The kit comes with several filters which need to be mounted internally; they’re more for film cameras which have fewer options for easily managing light (for instance, they can’t adjust ASA without actually changing a film canister.) They’re quite inconvenient as they mount inside the lens at the adapter end, and so I have not even tried to use them. Nor do I really see a huge need for them in my situation. The only exception is related to the fact that filters can increase contrast as they block out ranges of light which may be obliterating certain features by virtue (or lack thereof) its abundance. So your mileage may vary; the filters are there if you choose to use them.

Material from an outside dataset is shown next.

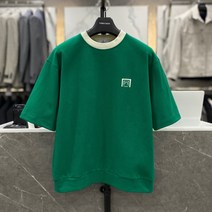 리버클래시 22S/S 그린 뒷면 레터링 오버핏 반팔 티셔츠 (LIS 41837)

Last but not least, the lens comes with all the caps you need to keep dust off it, as well as a handy soft bag you can use to protect the fine surface features. It’s a typical soft bag and it won’t serve to protect the lens if, for instance, you were so unfortunate as to drop it. For that, you need a camera bag. As with all lenses, this baby is delicate, and the very first thing you should invest in is a bag that will keep the slings and arrows of outrageous fortune from lodging in your lens collection.

In summary, there can be no question that this is a special purpose lens, but when you are shooting distant objects on the ground or in the sky, it really comes into its own. It is all metal, at least on the outside, and feels very solid and frankly, it also feels expensive. Given the price, which is more than reasonable, and the build quality, which in my opinion is quite high, I think almost anyone who likes to really experiment with different types of images should have this lens in their kit bag. I recommend it enthusiastically and with great cheer. I’m very happy to have it myself, and I’d immediately and without any question replace it with the same model if something unfortunate happened to mine.

You can’t put 500mm of telephoto capability in your camera bag at anywhere near this price point using standard lens designs; if you are willing to put out more money, you can get a better result, no question about it, but this is still a terrific way to start with telephoto photography.